The different stages and role of Gibson Hewitt in relation to a Company Voluntary Arrangement (CVA)
Gibson Hewitt (GH) acts as an advisor and gives independent advice to the directors on the options available to the company and their relative merits. Once the directors have decided to put a Company Voluntary Arrangement (CVA) proposal to creditors, GH typically drafts the CVA proposal on behalf of the board of directors, (even though it is technically the directors’ own proposal). GH advises the board on the implications of the terms forming CVA proposal and answers any questions the board may have about their CVA proposal.
Once the board have approved the CVA proposal and one of their number has signed it, they will give the GH a “Notice of Intended Nominee”. The Insolvency Practitioner (“IP”) at GH will also sign the Notice of Intended Nominee following which they are known as the Nominee.

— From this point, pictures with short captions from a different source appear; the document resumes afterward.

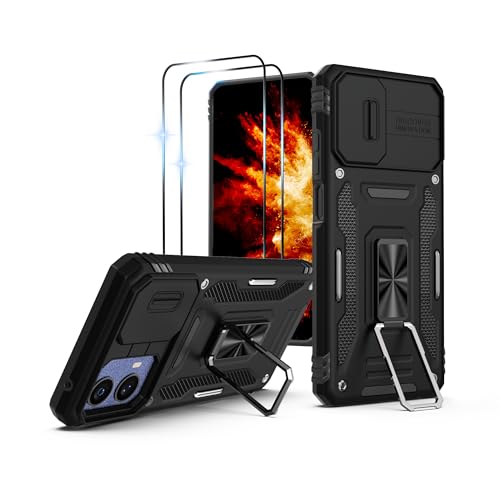 Aropuktek for Moto-G-5G-2024 Case: with 2 PCS Screen Protector for Motorola Moto G 5G 2024 Cover, Longer & More Stable Stand, Slide Camera Cover, Heavy Duty Shockproof Case for Moto G 5G 2024, Black
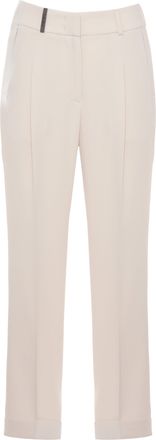 PESERICO Beige Embellished Straight-Leg Pants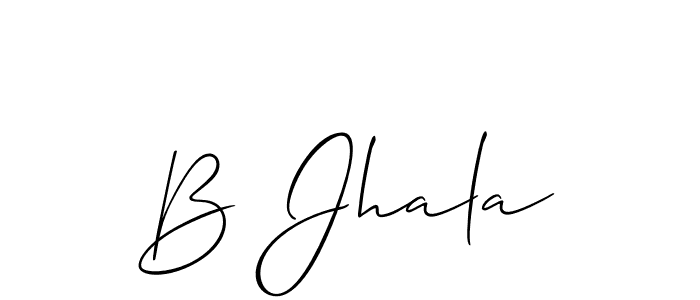 How to make B Jhala signature? Allison_Script is a professional autograph style. Create handwritten signature for B Jhala name. B Jhala signature style 2 images and pictures png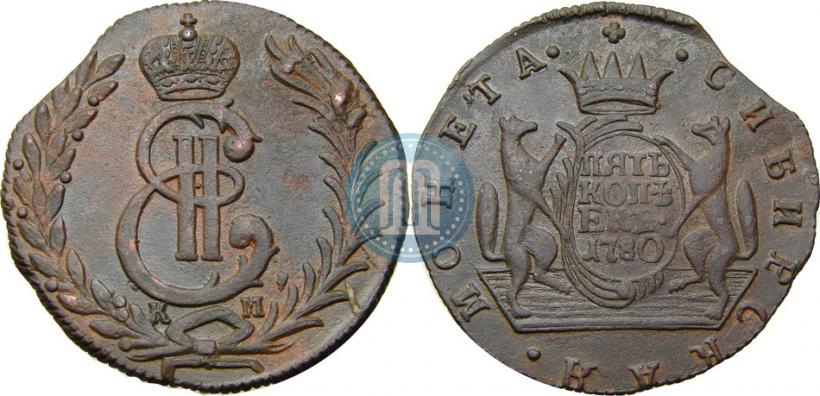 Picture 5 kopecks 1780 year КМ 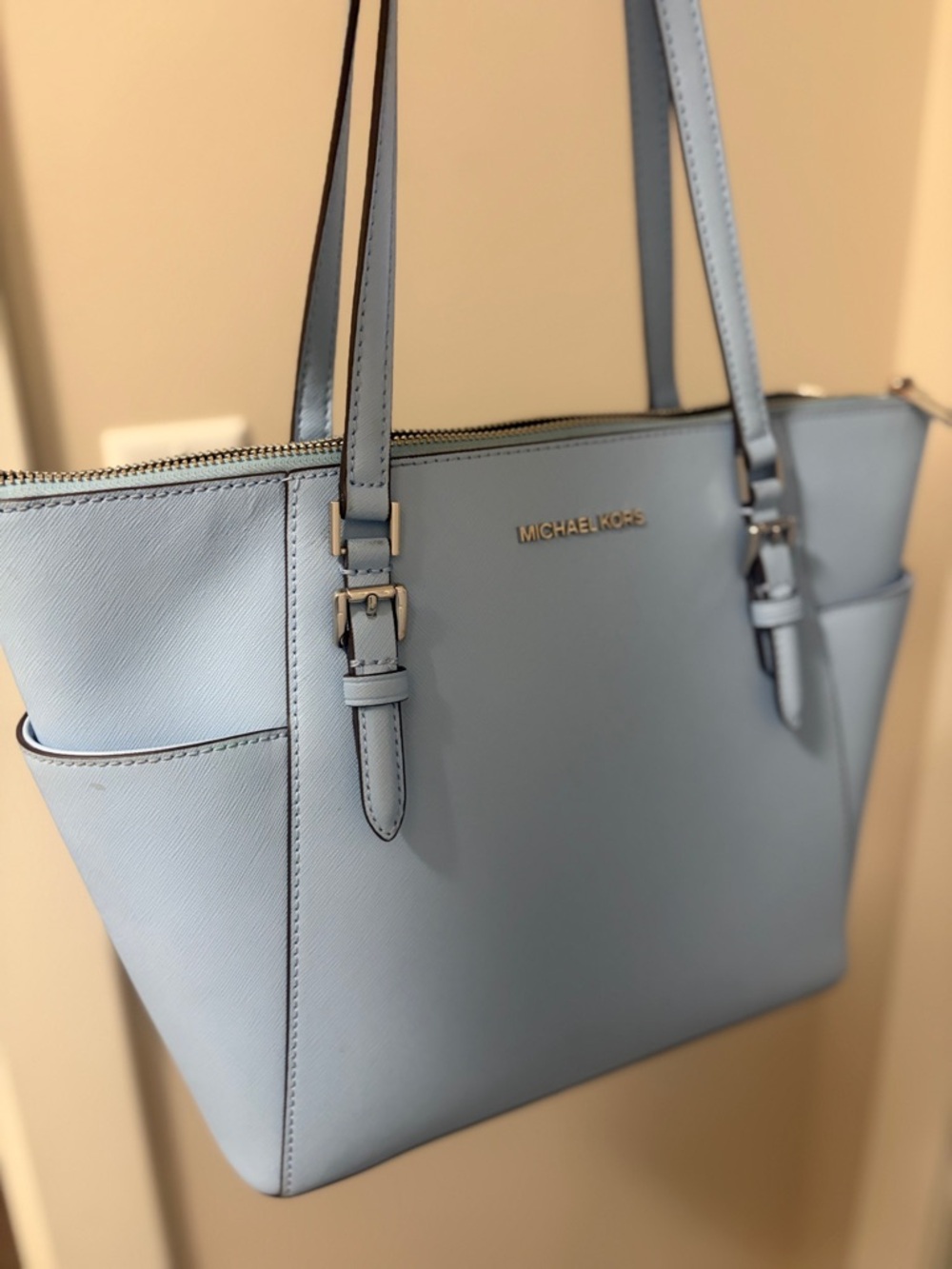 SOLD- Michael Kors Powder Blue Leather Tote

The Nominee is required to act impartially and write an independent report on the viability of the CVA proposal. This includes a recommendation to creditors on as regards the acceptability of the proposal. The Nominee is the Chairman of the meeting of creditors at which the creditors consider the CVA proposal.
Once a CVA proposal is approved by creditors, an IP is appointed Supervisor of the CVA. This IP is usually the person acting as Nominee. A CVA Supervisor is independent and their prime role is to ensure that all parties adhere to the terms of the CVA. Inter alia, the Supervisor administers the funds coming into the CVA and will agree the creditors’ claims, distribute funds and report to creditors. At the end of the CVA the Supervisor will issue a final report confirming whether the terms of the CVA have been complied with or whether it was failed.
Consequences of a Company Voluntary Arrangement and requirements of the company
A CVA is a legally binding contract between the company and its creditors. The onus is on the Directors to ensure there is a full and honest disclosure in their CVA proposal. Where there is a material irregularity in the CVA proposal, the Insolvency Act 1986 gives the creditors the right to challenge the outcome of the meeting at which the IVA was approved. Where such a challenge is successful, it can render the CVA proposal void and it will therefore not offer the company protection from any recovery actions their creditors might bring. False or fraudulent representations in a CVA proposal can also lead to the Company being wound up and the directors being disqualified as directors. It is therefore vital that you make a full an honest declaration of all relevant facts to us when preparing your CVA proposal.
A meeting of creditors will be convened at which the creditors vote whether to accept the proposal. Whilst creditors have the right to attend such meetings in person and question the board, most creditors will lodge their votes by post, fax or e-mail. The following 3 outcomes are possible at the meeting:
- The CVA is approved as originally proposed. The CVA proposal will then be implemented
- The CVA is approved with modifications. This occurs where the creditors are satisfied that an CVA should be agreed but require that some of the terms therein be amended. The Board and the Company are then asked whether they will consent to these modification and assuming they do, the CVA will be approved with the incorporation of those modifications.
- The CVA is rejected. The Company remains as before the CVA proposal and it will not be protected from creditors taking legal recovery actions. Depending on the Company’s situation and population of creditors, its creditors may bring court proceedings or appoint bailiffs to recover goods. Ultimately, one of the creditors is likely to petition for a winding up order.
The meeting can also be adjourned for a maximum period of 14 days from the date of the original meeting.
Implementation of the approved Company Voluntary Arrangement and consequences of breach
Once it is approved, the Company must adhere to the terms set out in the CVA proposal. The CVA will include terms detailing the steps that the Supervisor must take in the event that the Company fails to perform on matters required of it in the CVA proposal which typically includes a requirement for the Supervisor to petition for the winding-up and fail the CVA. It is therefore important that you consider the terms of the CVA before signing and ensure you make every possible effort to adhere to the terms therein.